With the Ultimax DXF option, these files can be loaded directly into the CNC from a disk or hard drive. Once the DXF file is loaded into the system, the CAD data is converted directly to conversational programming data blocks. Now the machinist has to enter virtually no data at all, it's all entered automatically.

Complex geometry such as contours, that used to require hours of manual programming time, can be done in a couple of minutes. The machinist can point and click on the first element of each contour, and it's "auto-chained" into the program. Similarly, the machinist can point and click each part feature—holes, frames, circles, and more—to create program data blocks, again, without manually entering reams of data. Then all that's left is to enter tool data and surface speed. In all, programming a complex part with this option takes four or five minutes.

With this system, the machinist is in control of his or her own productivity on the shop floor. The machinist has the autonomy to choose the right tooling, choose the zero point, and make other machining decisions, in real time, without having to hassle with programming and calculations.
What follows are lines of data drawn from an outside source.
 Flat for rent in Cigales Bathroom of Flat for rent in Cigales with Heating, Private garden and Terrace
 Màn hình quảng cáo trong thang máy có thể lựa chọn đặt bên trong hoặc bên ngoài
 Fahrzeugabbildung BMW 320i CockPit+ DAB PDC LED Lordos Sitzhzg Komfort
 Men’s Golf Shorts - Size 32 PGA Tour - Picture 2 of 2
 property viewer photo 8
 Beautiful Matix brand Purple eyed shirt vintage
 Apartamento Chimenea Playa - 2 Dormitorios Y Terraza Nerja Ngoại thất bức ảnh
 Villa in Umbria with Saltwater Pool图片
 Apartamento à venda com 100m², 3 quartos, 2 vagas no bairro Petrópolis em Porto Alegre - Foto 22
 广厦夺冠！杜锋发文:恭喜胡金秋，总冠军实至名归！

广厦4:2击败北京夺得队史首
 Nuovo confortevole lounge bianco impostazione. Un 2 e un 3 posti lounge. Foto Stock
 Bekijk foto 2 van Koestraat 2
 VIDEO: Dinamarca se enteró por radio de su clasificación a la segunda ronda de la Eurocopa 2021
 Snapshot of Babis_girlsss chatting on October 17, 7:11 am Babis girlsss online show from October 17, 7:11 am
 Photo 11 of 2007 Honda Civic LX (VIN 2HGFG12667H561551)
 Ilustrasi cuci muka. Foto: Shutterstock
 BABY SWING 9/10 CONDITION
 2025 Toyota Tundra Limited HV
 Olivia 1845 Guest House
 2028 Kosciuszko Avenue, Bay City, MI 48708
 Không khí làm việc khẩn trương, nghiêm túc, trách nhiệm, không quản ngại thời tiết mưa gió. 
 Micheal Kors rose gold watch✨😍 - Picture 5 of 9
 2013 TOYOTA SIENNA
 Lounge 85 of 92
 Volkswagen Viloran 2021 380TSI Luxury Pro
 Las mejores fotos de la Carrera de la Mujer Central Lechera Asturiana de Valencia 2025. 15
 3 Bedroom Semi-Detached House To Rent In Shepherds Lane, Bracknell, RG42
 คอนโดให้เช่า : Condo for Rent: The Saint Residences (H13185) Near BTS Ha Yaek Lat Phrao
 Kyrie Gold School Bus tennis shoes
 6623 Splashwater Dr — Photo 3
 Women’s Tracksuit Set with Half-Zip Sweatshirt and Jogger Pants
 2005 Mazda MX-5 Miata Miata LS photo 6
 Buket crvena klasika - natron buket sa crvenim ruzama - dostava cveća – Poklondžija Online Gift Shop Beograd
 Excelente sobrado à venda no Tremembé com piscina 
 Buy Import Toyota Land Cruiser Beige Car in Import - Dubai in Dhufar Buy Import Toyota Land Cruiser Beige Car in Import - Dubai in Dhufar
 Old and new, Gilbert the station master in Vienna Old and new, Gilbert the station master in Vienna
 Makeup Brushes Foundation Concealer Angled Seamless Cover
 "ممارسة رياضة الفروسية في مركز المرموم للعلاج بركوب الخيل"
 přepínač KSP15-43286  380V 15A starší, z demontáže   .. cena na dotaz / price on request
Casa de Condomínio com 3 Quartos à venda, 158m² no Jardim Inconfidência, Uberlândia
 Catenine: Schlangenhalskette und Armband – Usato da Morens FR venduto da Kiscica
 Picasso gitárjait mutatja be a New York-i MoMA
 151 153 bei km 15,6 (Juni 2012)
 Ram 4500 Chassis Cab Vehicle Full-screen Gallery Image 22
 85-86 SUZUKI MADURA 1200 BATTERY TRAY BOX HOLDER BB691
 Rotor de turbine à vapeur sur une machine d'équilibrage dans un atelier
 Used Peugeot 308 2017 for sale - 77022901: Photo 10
The machinist can also program the next part at the control while the first part is running. Essentially, even minutes of unproductive programming time are reduced to no time at all. The demands for productivity on the shop floor are greater today than they ever have been. By giving the machinist tools such as conversational programming and DXF compatibility, a shop owner is in a better position to respond to such challenges as just-in-time production and delivery. That is the true bottom line: putting productivity tools in the hands of machinists is ultimately the way to a more profitable higher quality operation.